— PROVIDED RECORDS —
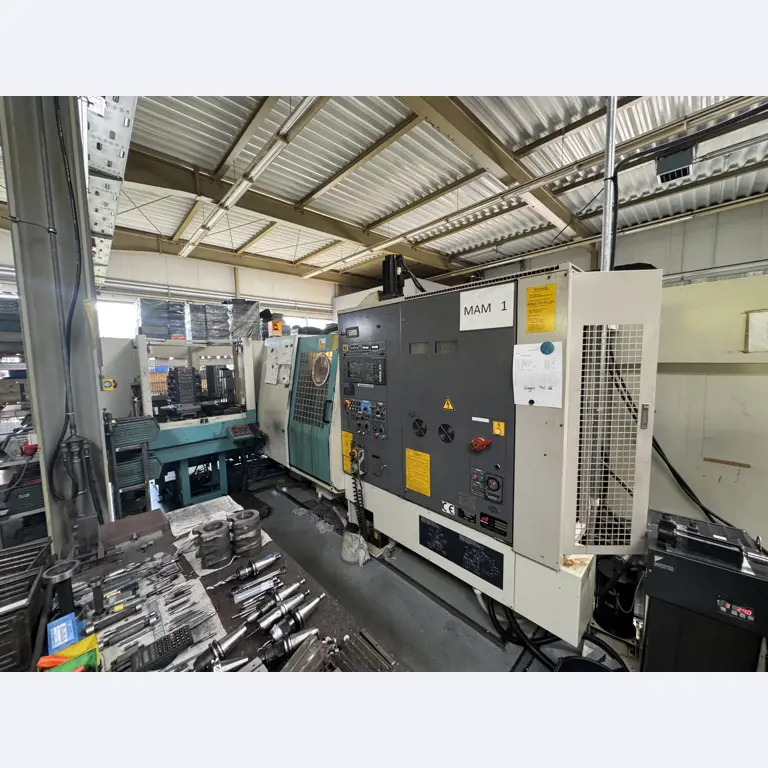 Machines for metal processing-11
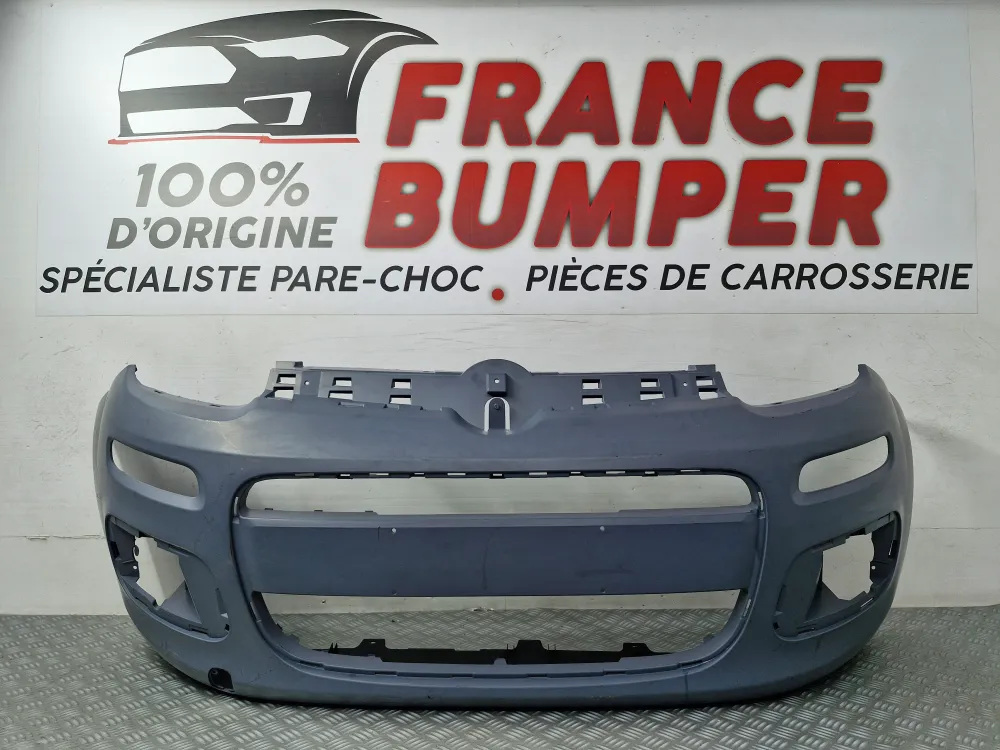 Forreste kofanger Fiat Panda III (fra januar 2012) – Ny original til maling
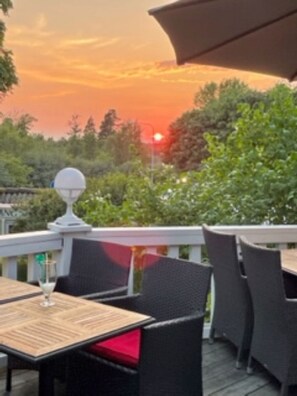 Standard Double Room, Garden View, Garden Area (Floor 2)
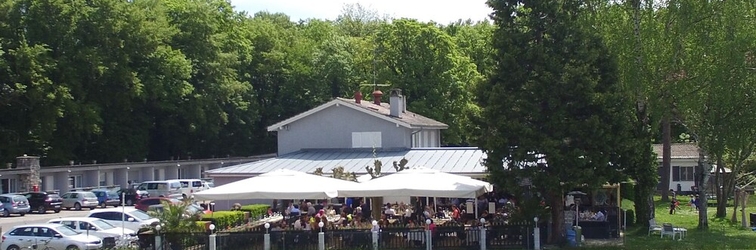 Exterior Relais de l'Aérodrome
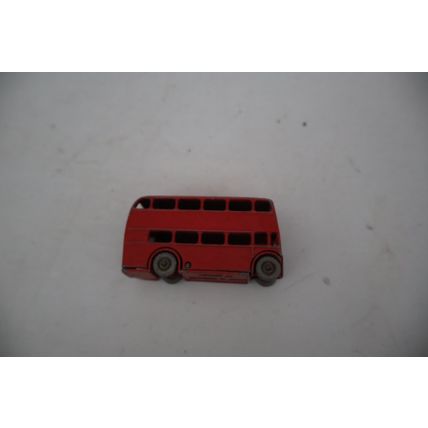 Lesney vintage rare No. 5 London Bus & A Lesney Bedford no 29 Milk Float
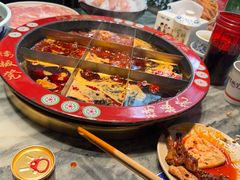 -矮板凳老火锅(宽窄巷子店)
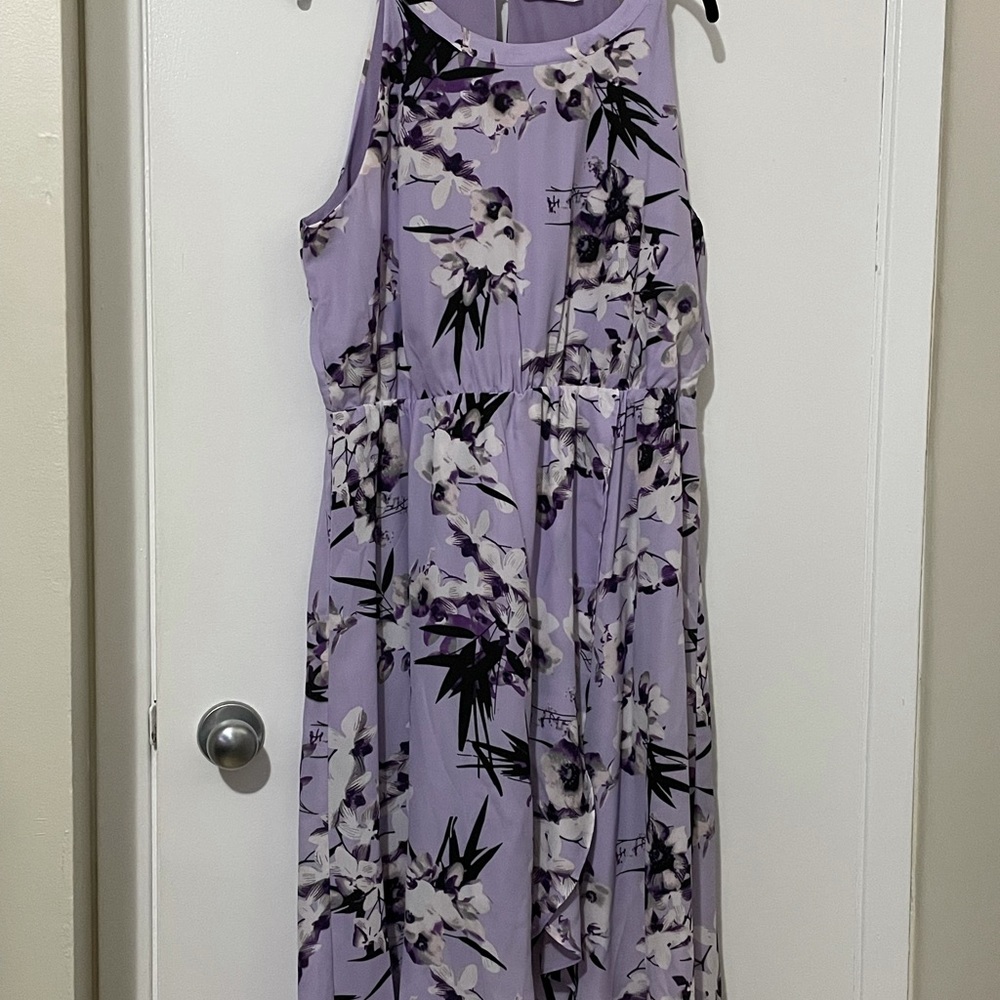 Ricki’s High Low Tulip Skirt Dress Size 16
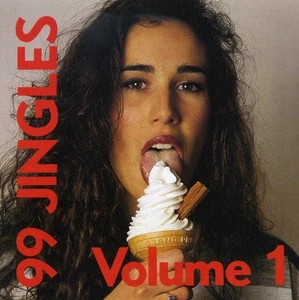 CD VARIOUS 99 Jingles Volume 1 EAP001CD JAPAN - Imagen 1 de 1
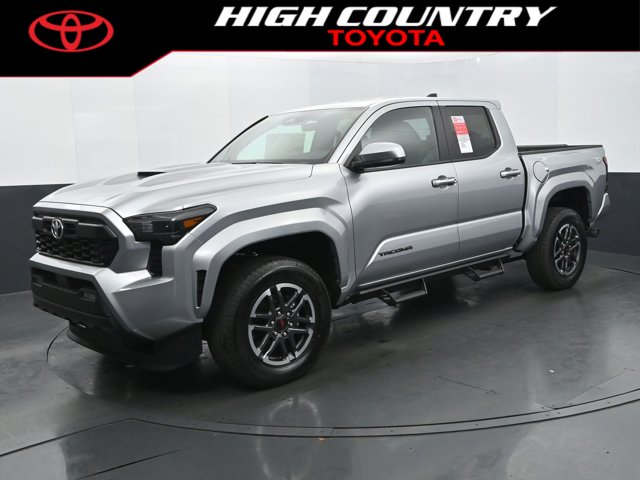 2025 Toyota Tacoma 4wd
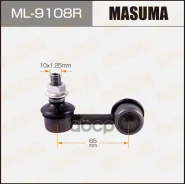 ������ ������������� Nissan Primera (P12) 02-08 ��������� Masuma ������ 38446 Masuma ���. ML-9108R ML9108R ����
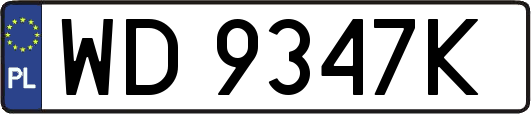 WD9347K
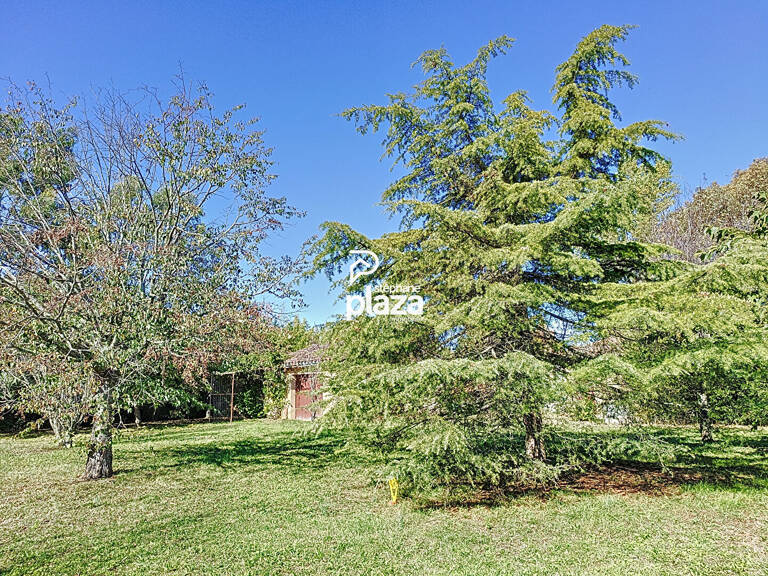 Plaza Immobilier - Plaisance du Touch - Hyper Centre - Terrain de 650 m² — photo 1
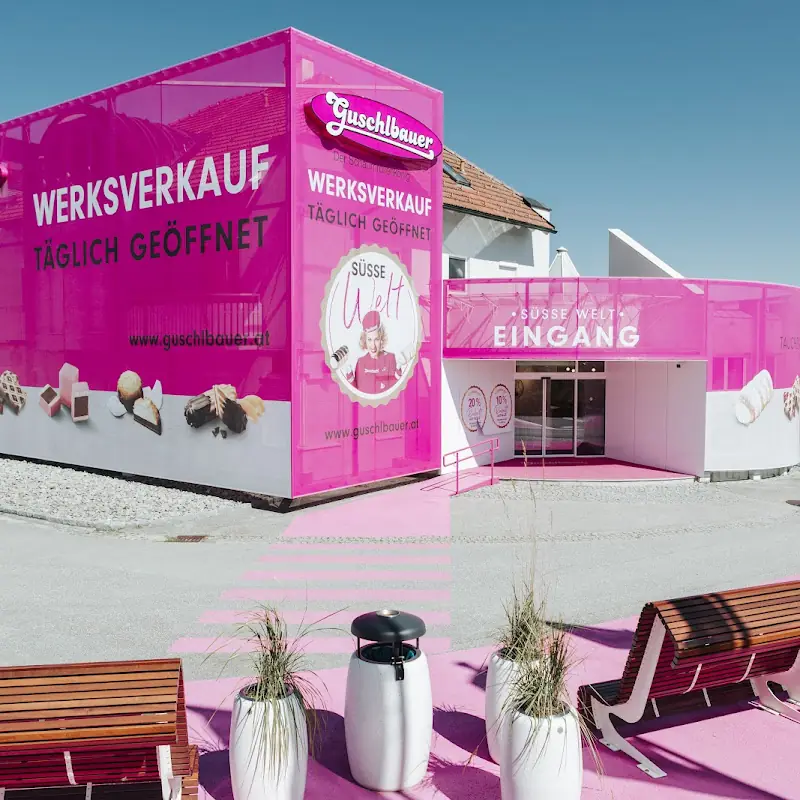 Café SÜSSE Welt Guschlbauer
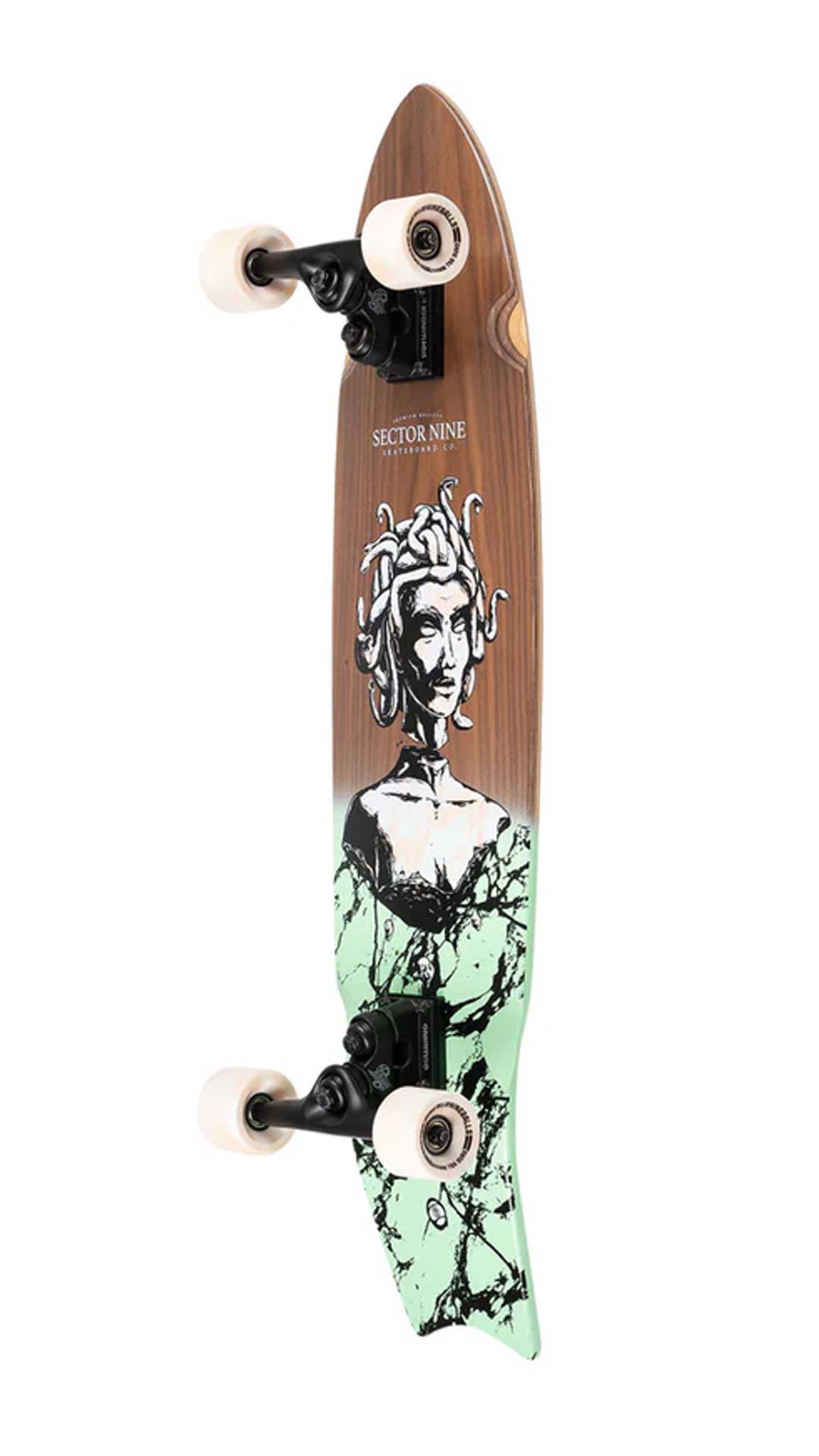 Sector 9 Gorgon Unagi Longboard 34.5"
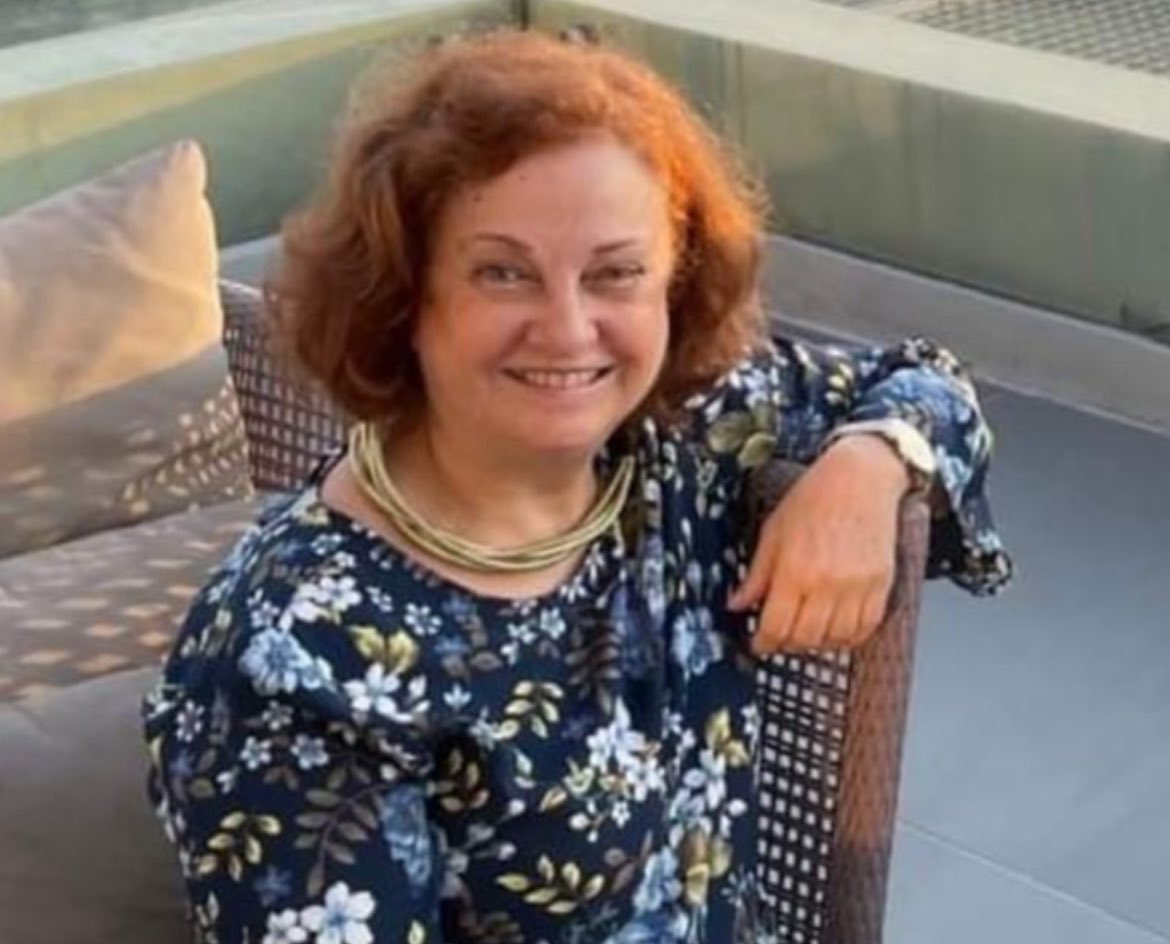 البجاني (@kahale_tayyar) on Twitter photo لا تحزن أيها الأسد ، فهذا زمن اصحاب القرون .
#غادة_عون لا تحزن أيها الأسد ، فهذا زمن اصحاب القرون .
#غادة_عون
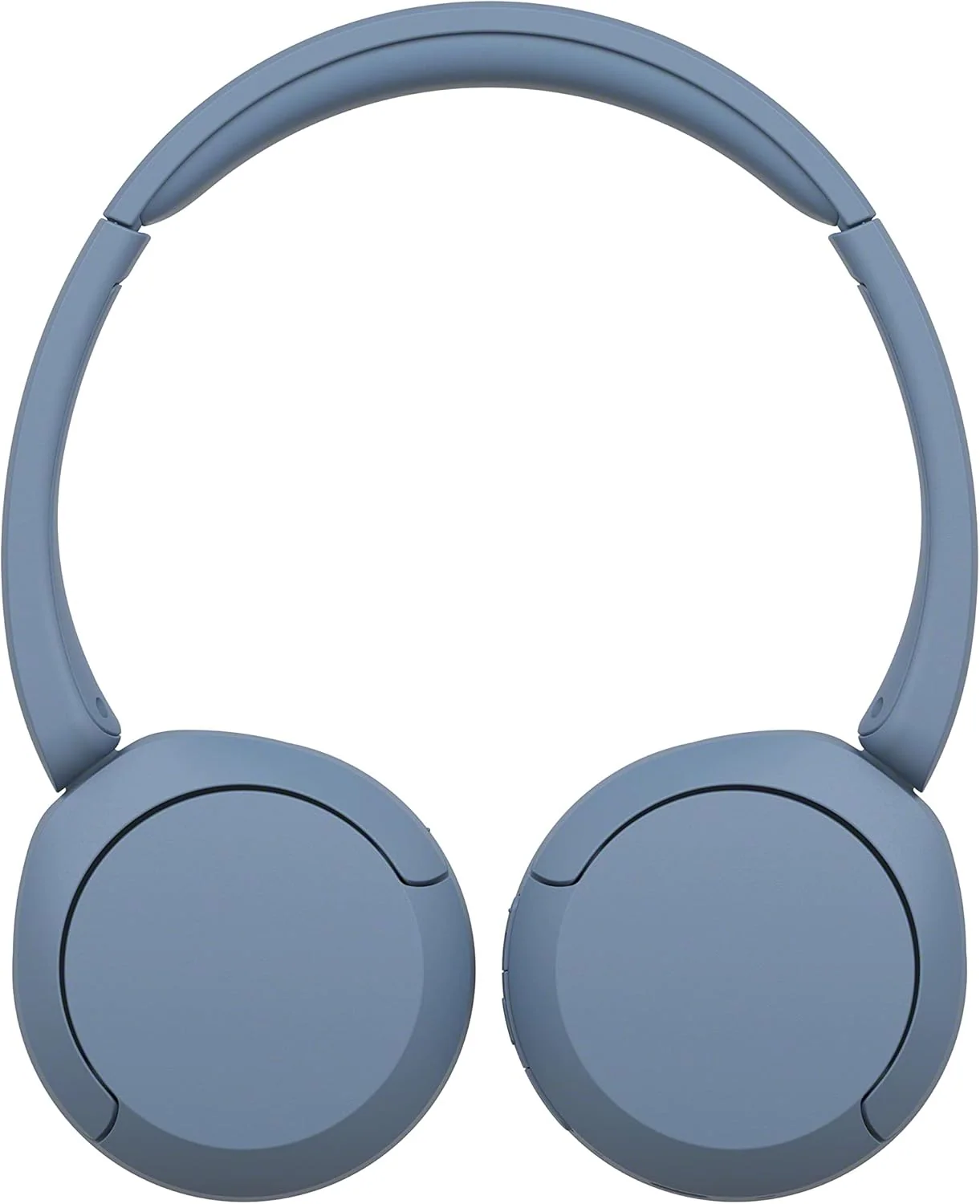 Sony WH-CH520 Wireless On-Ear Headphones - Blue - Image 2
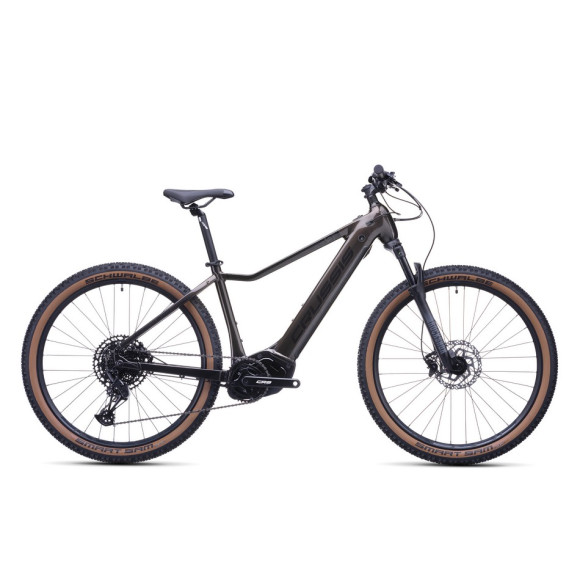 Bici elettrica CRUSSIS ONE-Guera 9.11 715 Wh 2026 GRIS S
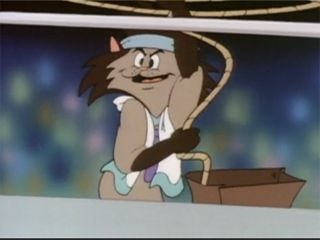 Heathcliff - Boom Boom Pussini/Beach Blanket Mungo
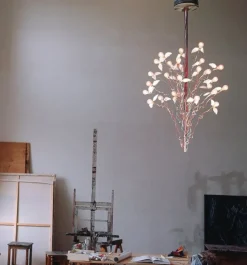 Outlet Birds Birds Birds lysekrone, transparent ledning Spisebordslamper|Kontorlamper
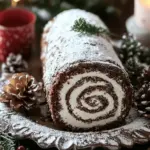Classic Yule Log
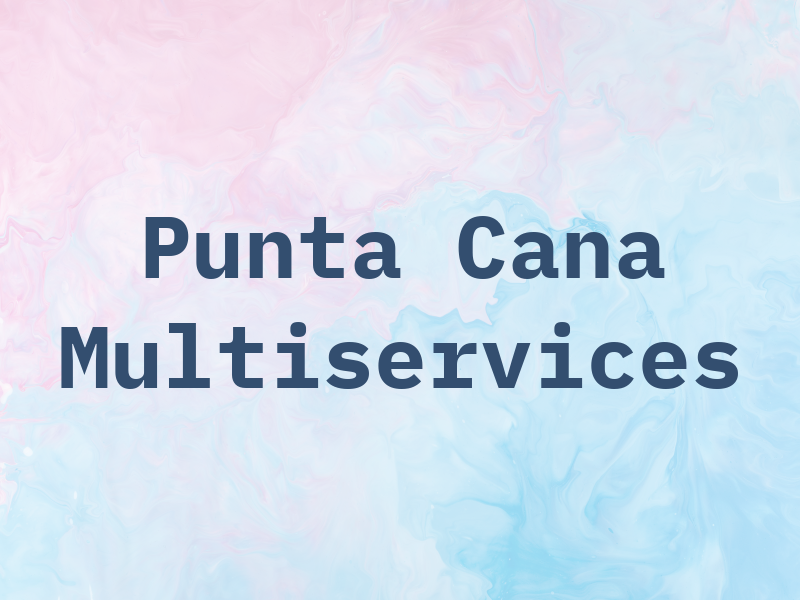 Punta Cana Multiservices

— WHAT YOU NEED TO DO —
In the data above, find the line with "Heathcliff - Boom" and repeat it and every line after it through the end, exactly; leave the pictures out.

— ANSWER SECTION —
 Heathcliff - Boom Boom Pussini/Beach Blanket Mungo
 Outlet Birds Birds Birds lysekrone, transparent ledning Spisebordslamper|Kontorlamper
Classic Yule Log
 Punta Cana Multiservices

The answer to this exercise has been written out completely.